┌─ Given entries

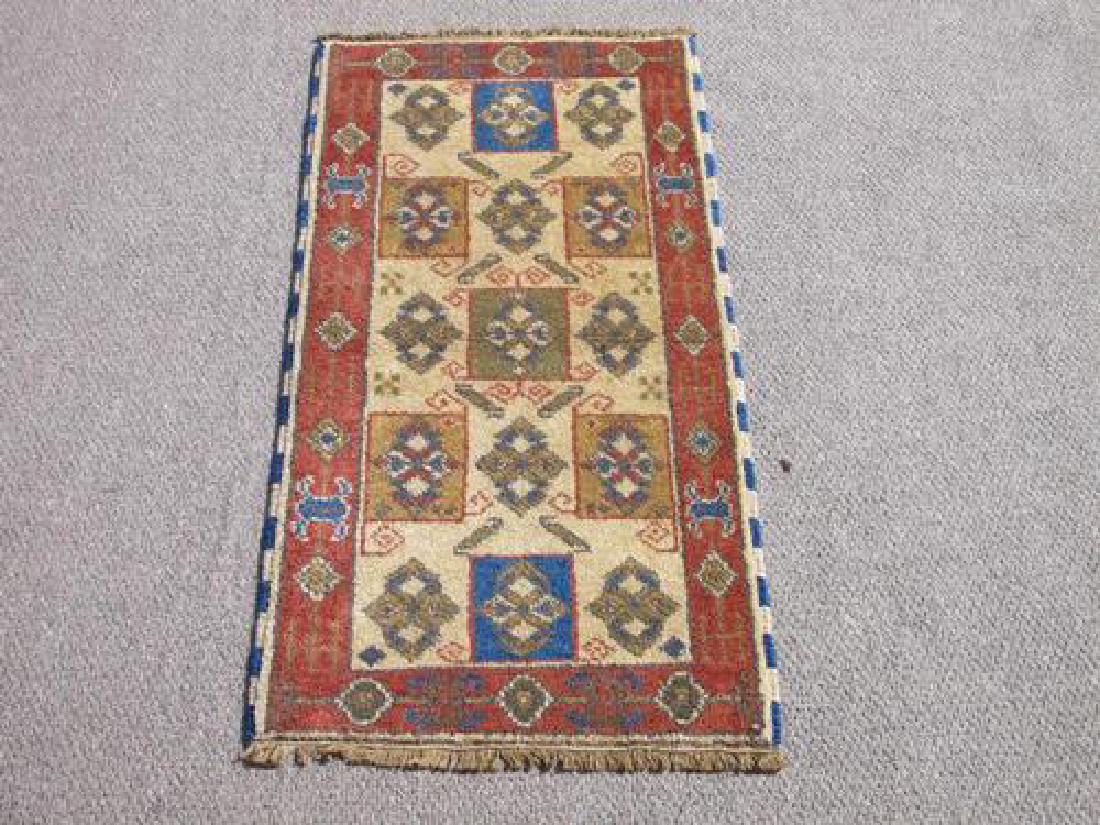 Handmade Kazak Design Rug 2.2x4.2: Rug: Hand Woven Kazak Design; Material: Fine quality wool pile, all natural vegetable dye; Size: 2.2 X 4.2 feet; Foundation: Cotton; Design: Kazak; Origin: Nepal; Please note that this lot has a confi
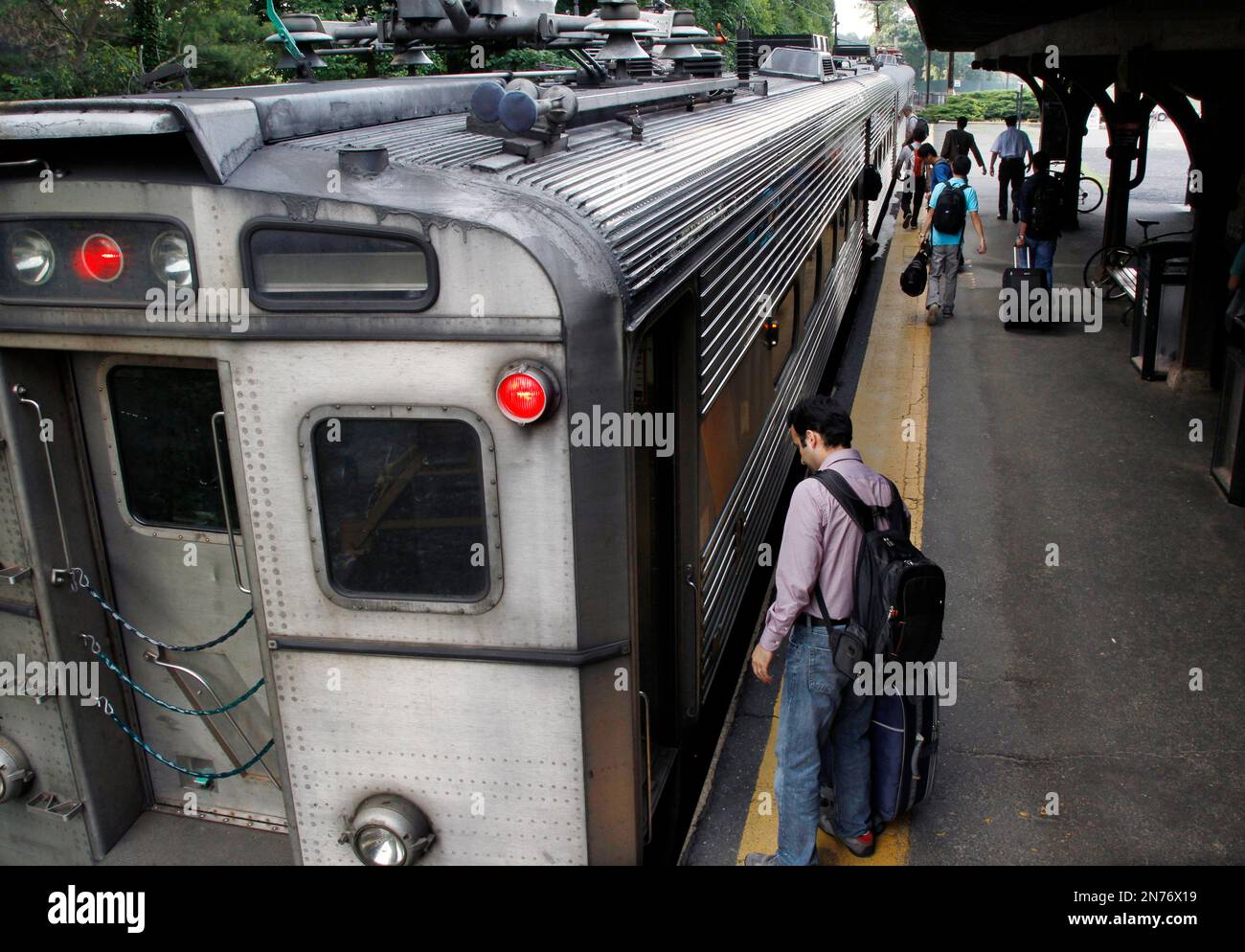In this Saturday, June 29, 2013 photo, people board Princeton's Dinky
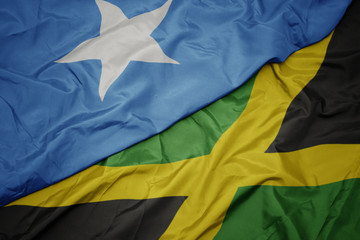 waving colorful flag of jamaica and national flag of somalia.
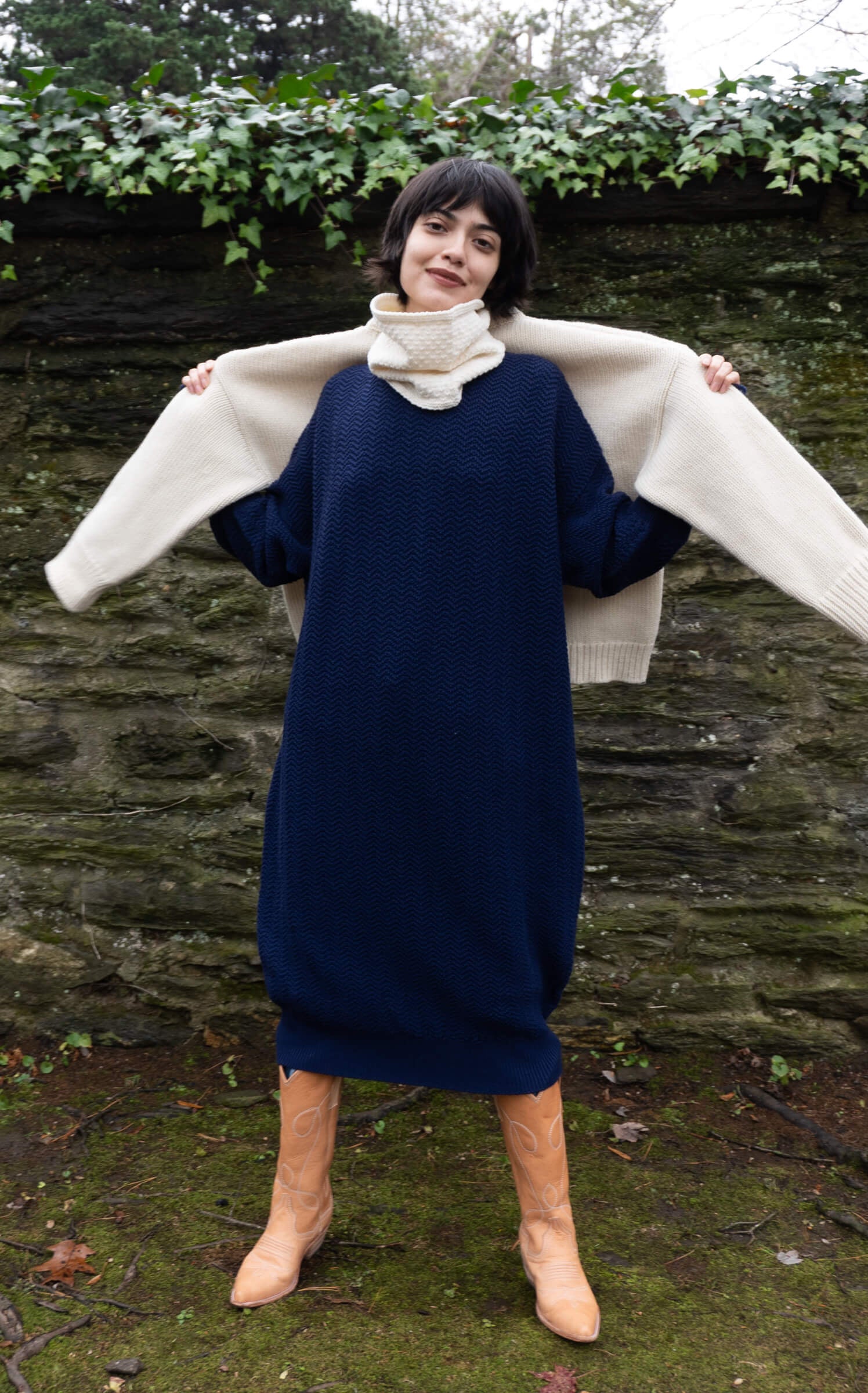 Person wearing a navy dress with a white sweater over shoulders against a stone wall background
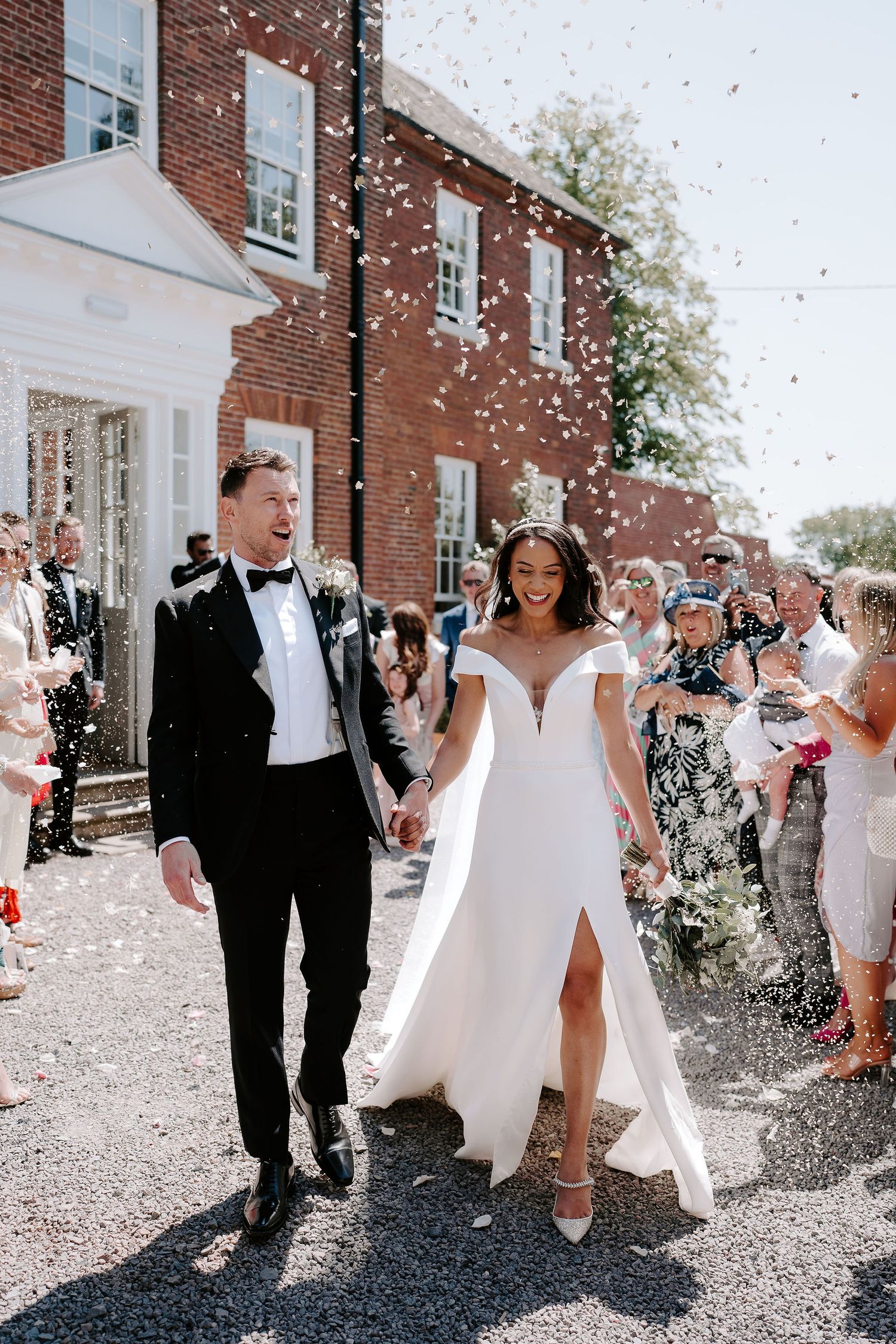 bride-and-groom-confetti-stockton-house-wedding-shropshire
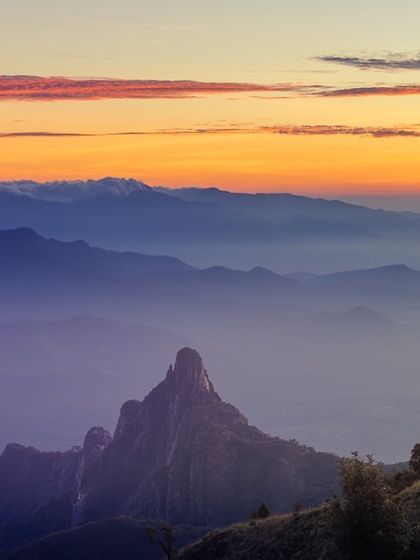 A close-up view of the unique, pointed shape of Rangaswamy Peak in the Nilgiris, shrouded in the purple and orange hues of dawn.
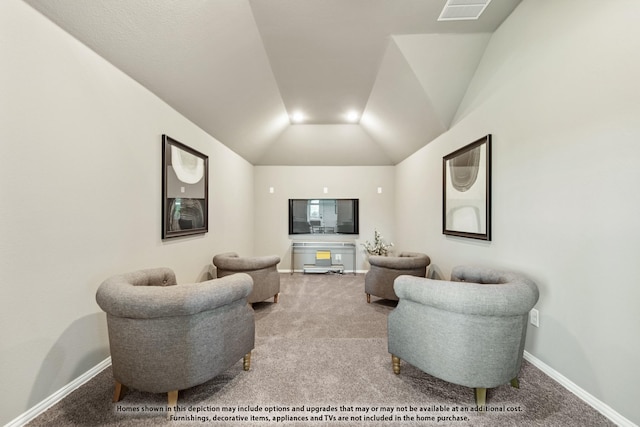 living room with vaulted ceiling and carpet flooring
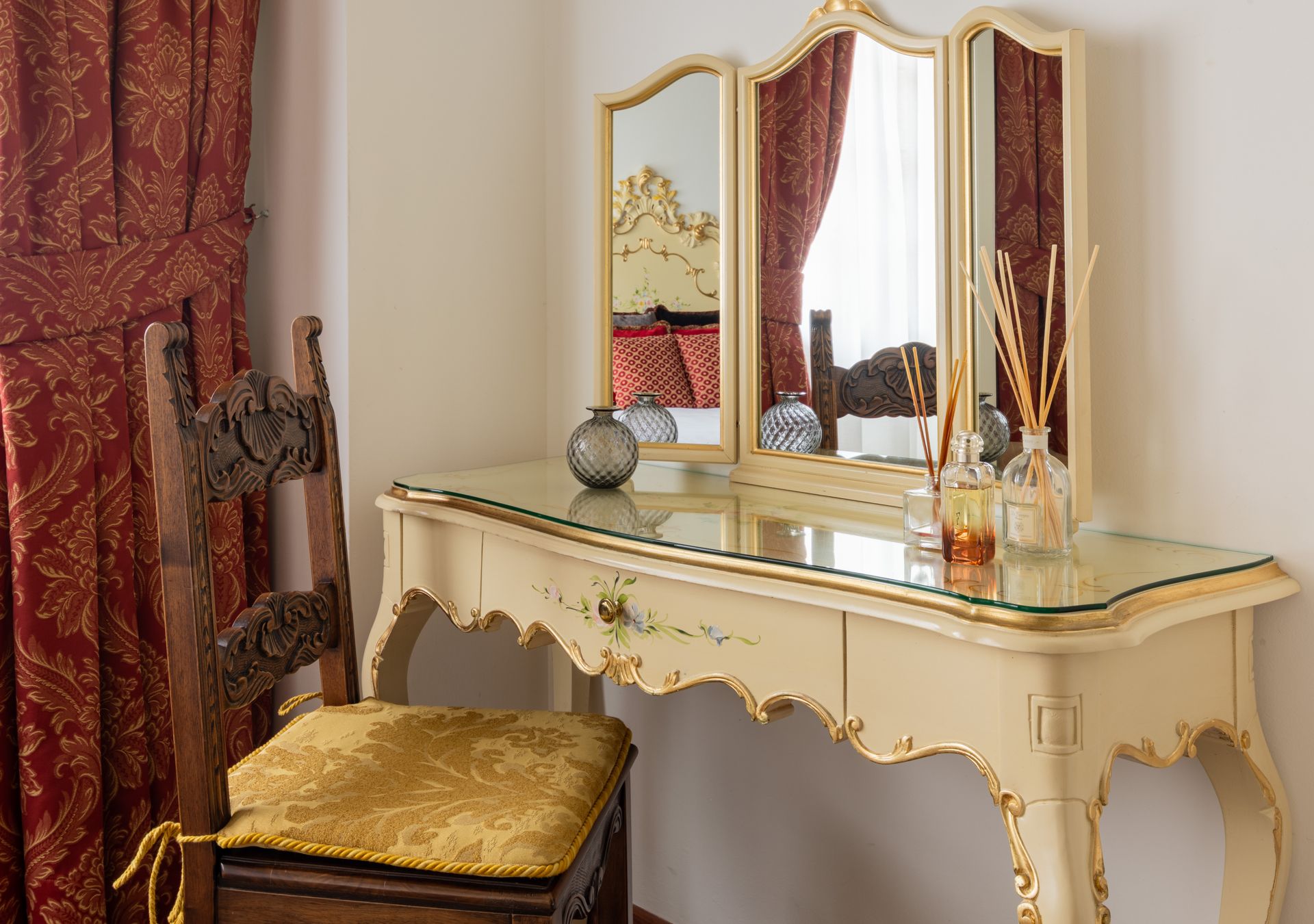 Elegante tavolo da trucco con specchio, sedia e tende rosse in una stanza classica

└─

Write out exactly, with no pictures, each line from the one containing "In this Saturday, June" through the last line of the listing above, both included.

In this Saturday, June 29, 2013 photo, people board Princeton's Dinky
 waving colorful flag of jamaica and national flag of somalia.
 Person wearing a navy dress with a white sweater over shoulders against a stone wall background
 bride-and-groom-confetti-stockton-house-wedding-shropshire
 A close-up view of the unique, pointed shape of Rangaswamy Peak in the Nilgiris, shrouded in the purple and orange hues of dawn.
 living room with vaulted ceiling and carpet flooring
 Elegante tavolo da trucco con specchio, sedia e tende rosse in una stanza classica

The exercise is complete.